Input data:
---

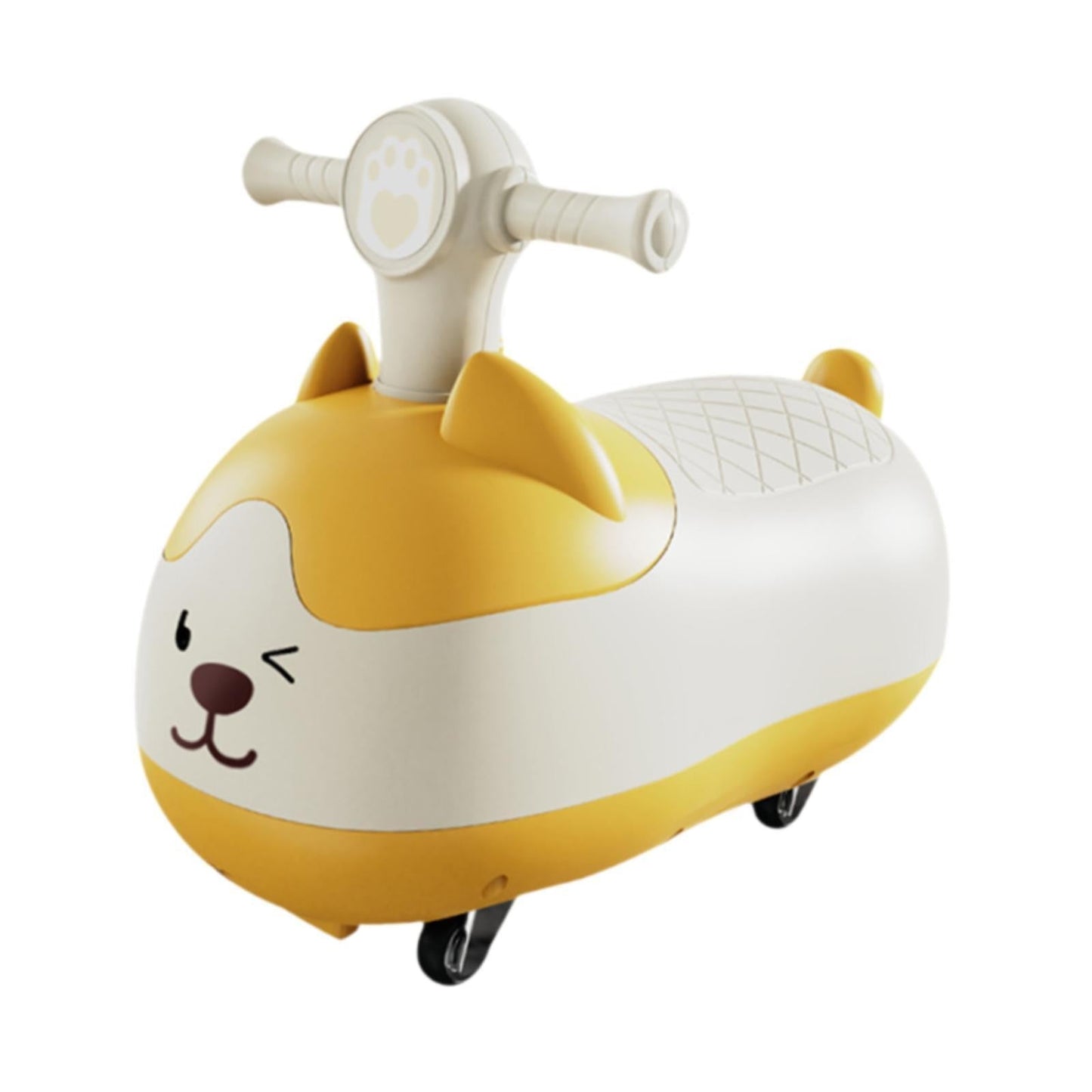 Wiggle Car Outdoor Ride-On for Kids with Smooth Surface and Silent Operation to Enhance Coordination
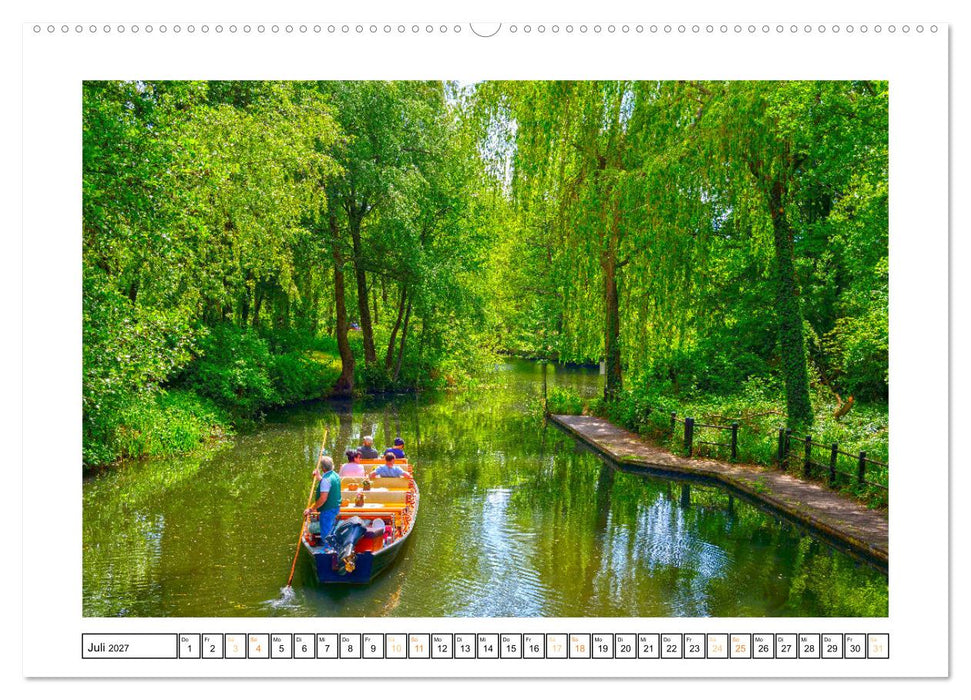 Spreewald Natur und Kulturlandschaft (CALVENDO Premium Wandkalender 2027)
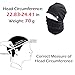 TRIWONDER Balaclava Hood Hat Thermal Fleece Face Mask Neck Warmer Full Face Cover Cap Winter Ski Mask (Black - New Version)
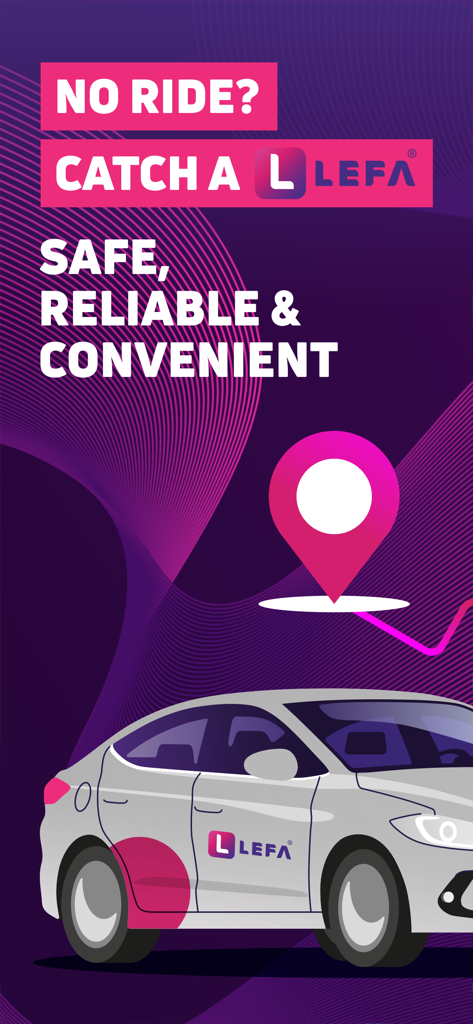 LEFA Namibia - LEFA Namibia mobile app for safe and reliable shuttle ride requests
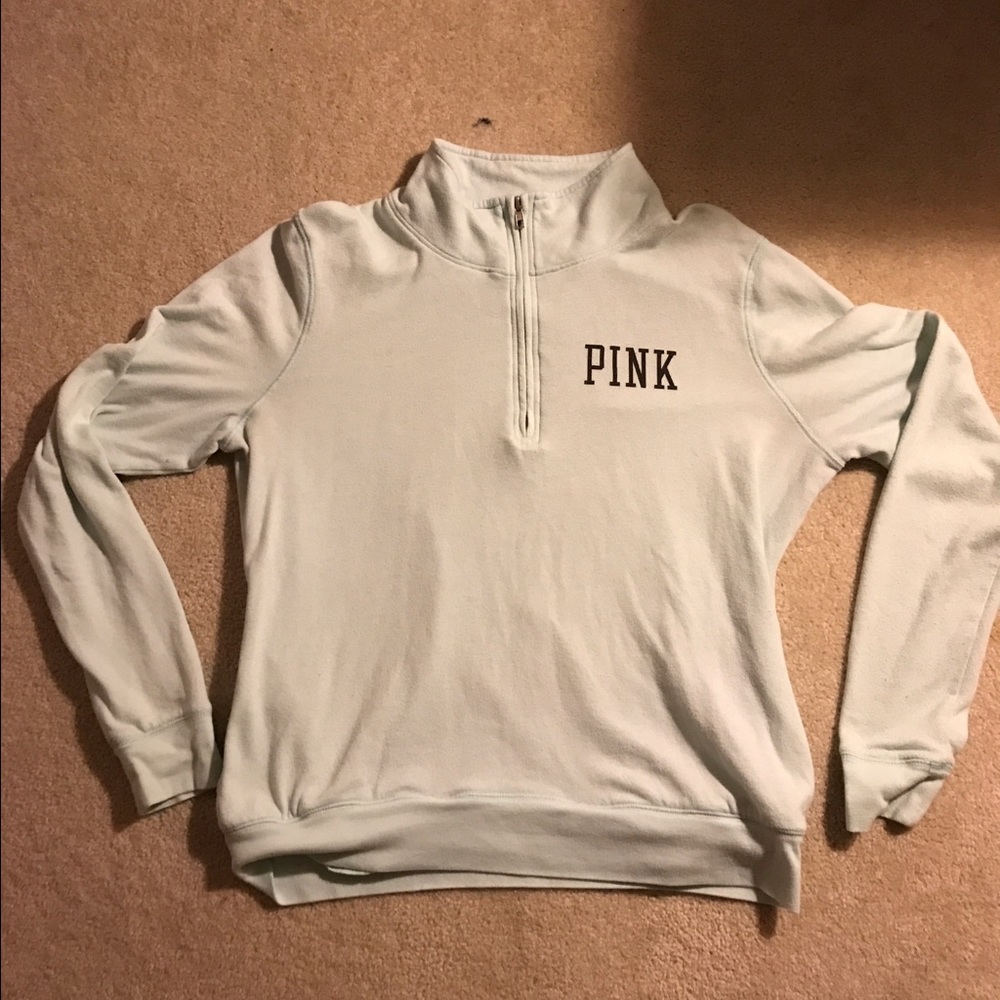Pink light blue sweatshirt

---

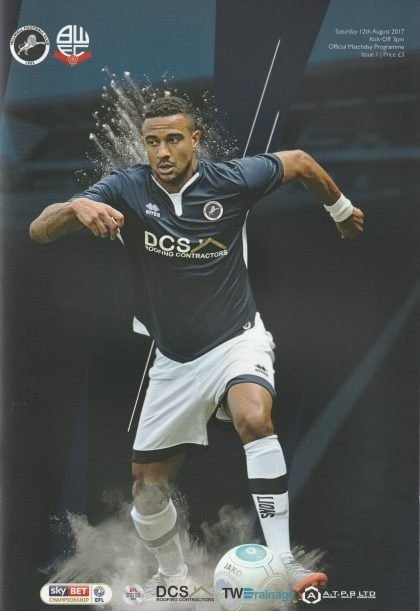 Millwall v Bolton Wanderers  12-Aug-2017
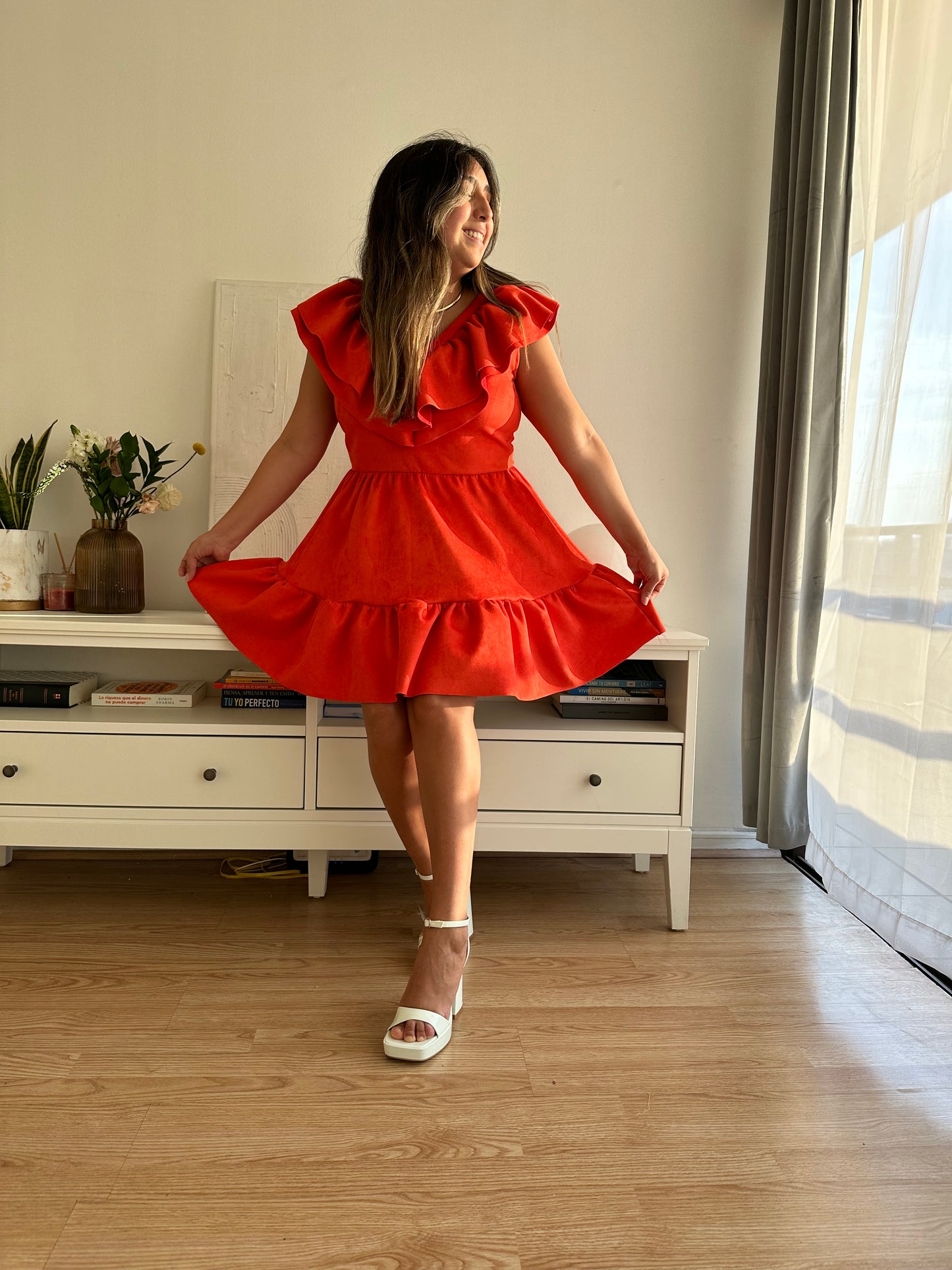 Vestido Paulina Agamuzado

---

Aim of the task: For the entries above, print exactly the lines between the one with "TRIWONDER Balaclava Hood" and the one with "Pink light blue sweatshirt", inclusive, with no pictures.

Solution to this task:
 TRIWONDER Balaclava Hood Hat Thermal Fleece Face Mask Neck Warmer Full Face Cover Cap Winter Ski Mask (Black - New Version)
 LEFA Namibia - LEFA Namibia mobile app for safe and reliable shuttle ride requests
Pink light blue sweatshirt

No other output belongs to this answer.